WORK INSTRUCTION:
Output exactly the lines that run from the start of the records to the line with "D-LINE Adapter Kit 16x8mm 13 Dele Hvid", counting both ends, and skip the pictures.

STORED DATA:

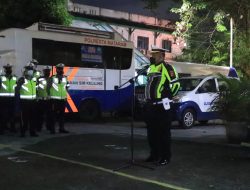 Sat Lantas Polresta Mataram Gelar Turjawali Malam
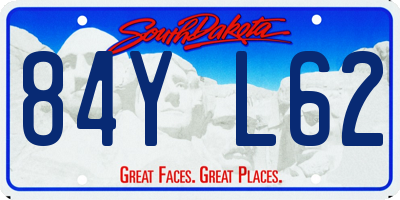 SD license plate 84YL62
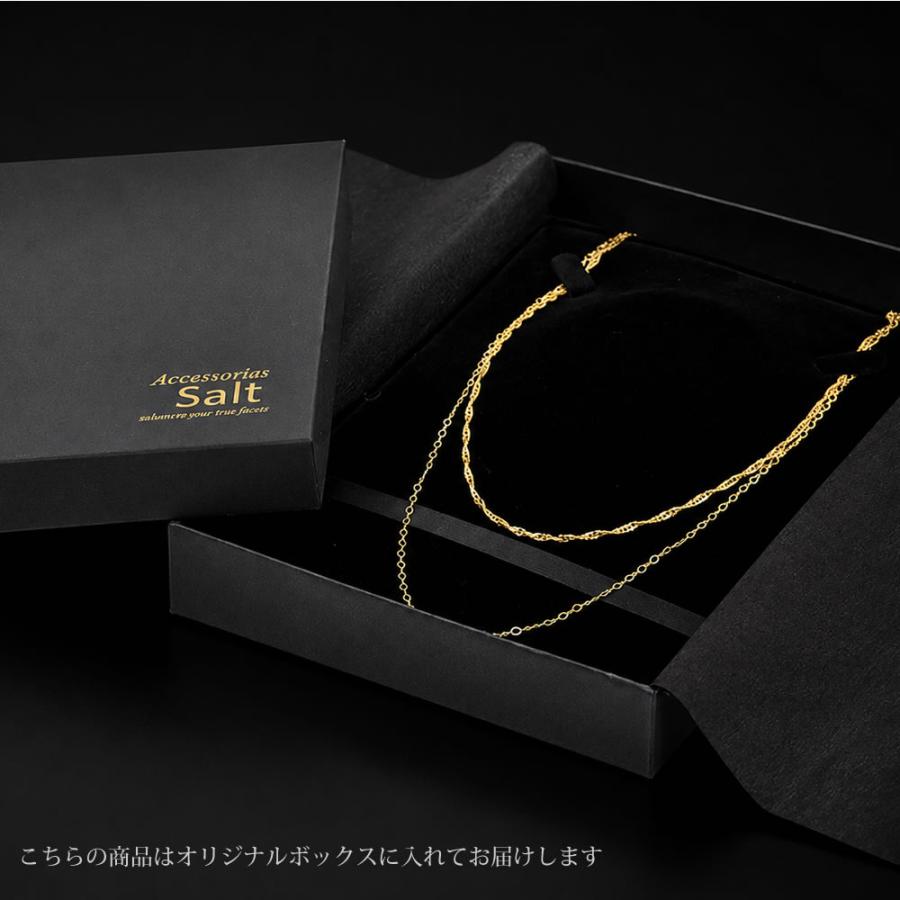 K14GF 2連 ロングネックレス レディース 90cm ゴールド フィルド
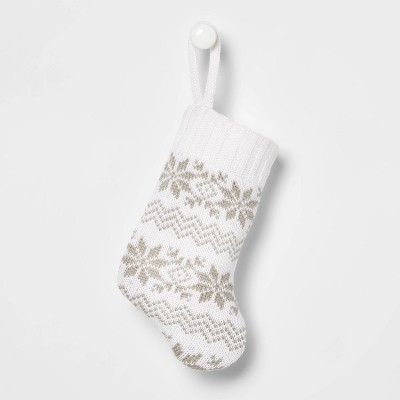 Mini Fair Isle Christmas Stocking Ivory - Wondershop™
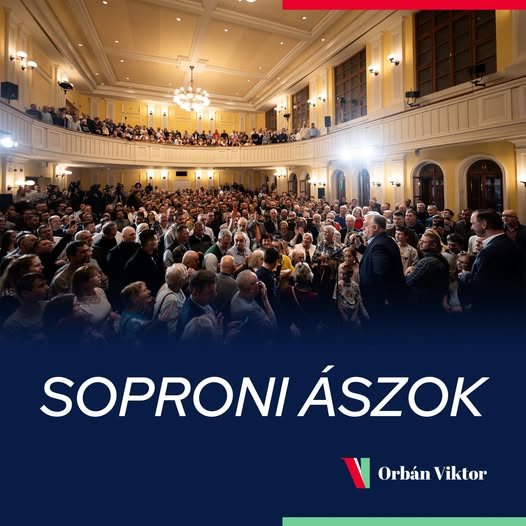 Senki sem szeret úgy választásba menni, hogy közben gazdasági káosz bontakozik ki az ország horizontján - mondta Orbán Sopronban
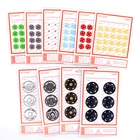 Кнопки-невидимки St.Lucas, металлические, медные, 1 упаковка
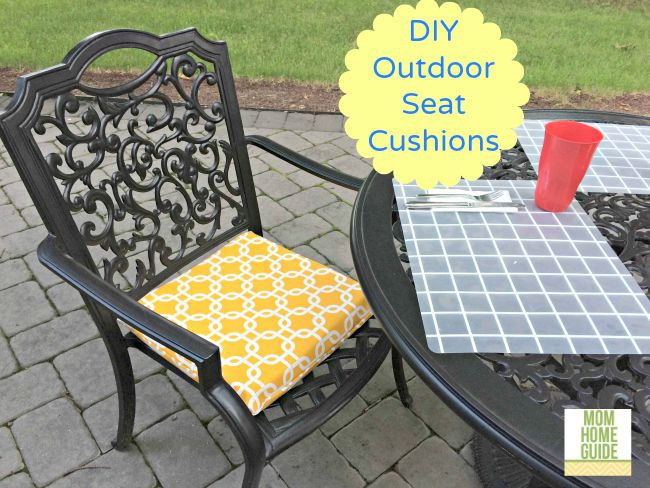 DIY Outdoor Chair Cushions
 DIY Outdoor Seat Cushions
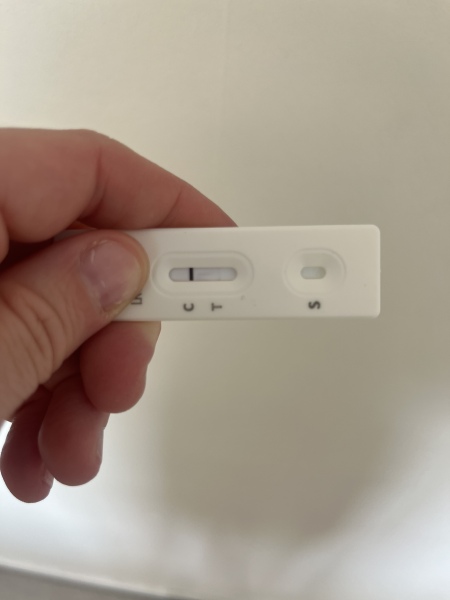 There is a make of a Covid test that always gives a weird line, isn't there?(pic)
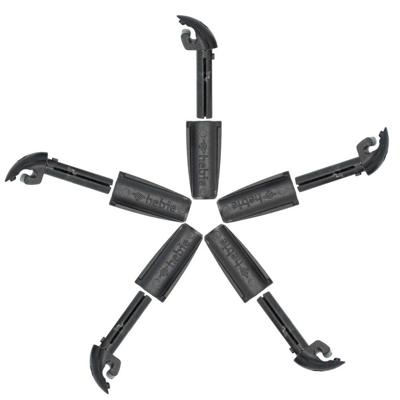 Eurofender Spatd ef bev gripclip zw pvc set a 5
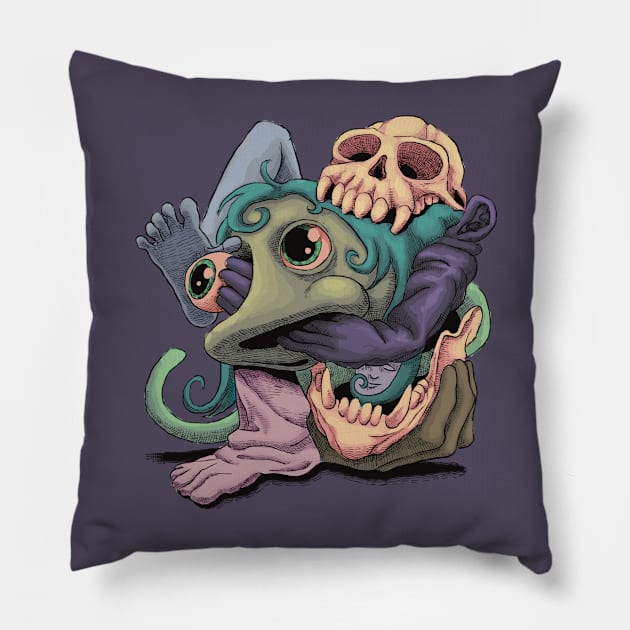 Monkey Mind Pillow by WisehArt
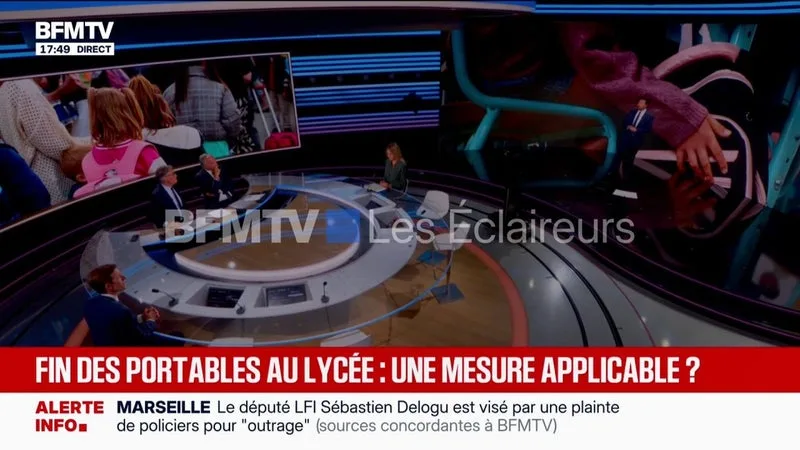 LES ÉCLAIREURS - Pourquoi l'interdiction des téléphones portables dans les lycées coince?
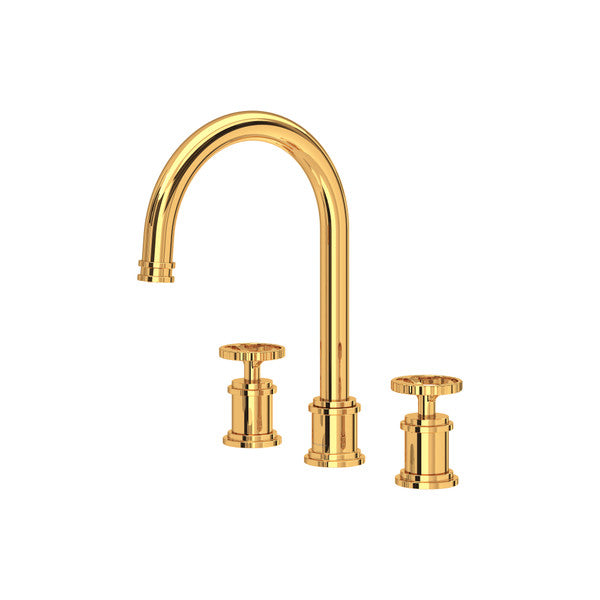 Rohl Perrin & Rowe Armstrong Widespread Lavatory Faucet with C-Spout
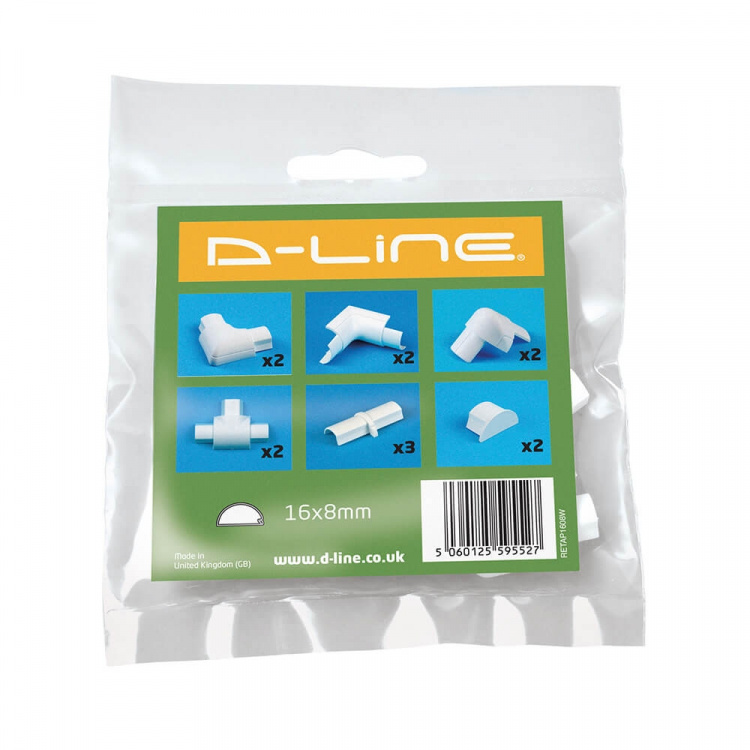 D-LINE Adapter Kit 16x8mm 13 Dele Hvid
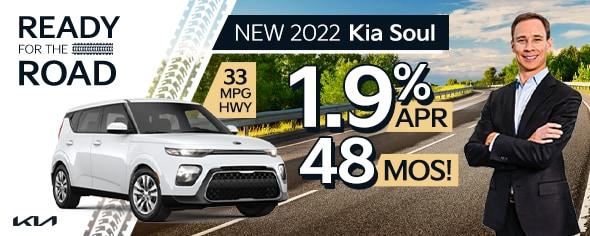 New 2022 Kia Soul 1.9% APR for 48 mos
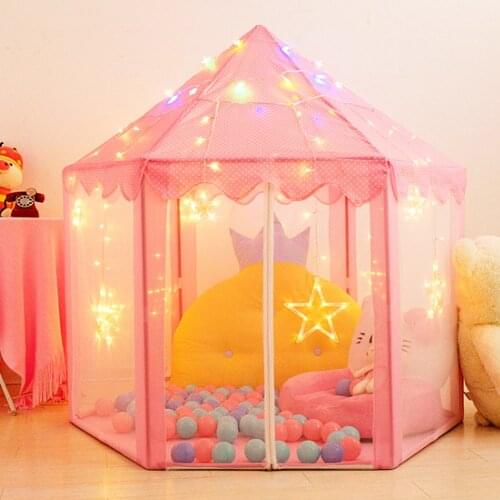Portable Childrens Tent Ball Pool Princess Wigwam Girls Castle Toy Play House Kids Tent Baby Folding Outdoor Indoor Toys Gifts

WRITTEN RESPONSE:
 Sat Lantas Polresta Mataram Gelar Turjawali Malam
 SD license plate 84YL62
 K14GF 2連 ロングネックレス レディース 90cm ゴールド フィルド
 Mini Fair Isle Christmas Stocking Ivory - Wondershop™
 Senki sem szeret úgy választásba menni, hogy közben gazdasági káosz bontakozik ki az ország horizontján - mondta Orbán Sopronban
 Кнопки-невидимки St.Lucas, металлические, медные, 1 упаковка
 DIY Outdoor Chair Cushions
 DIY Outdoor Seat Cushions
 There is a make of a Covid test that always gives a weird line, isn't there?(pic)
 Eurofender Spatd ef bev gripclip zw pvc set a 5
 Monkey Mind Pillow by WisehArt
 LES ÉCLAIREURS - Pourquoi l'interdiction des téléphones portables dans les lycées coince?
 Rohl Perrin & Rowe Armstrong Widespread Lavatory Faucet with C-Spout
 D-LINE Adapter Kit 16x8mm 13 Dele Hvid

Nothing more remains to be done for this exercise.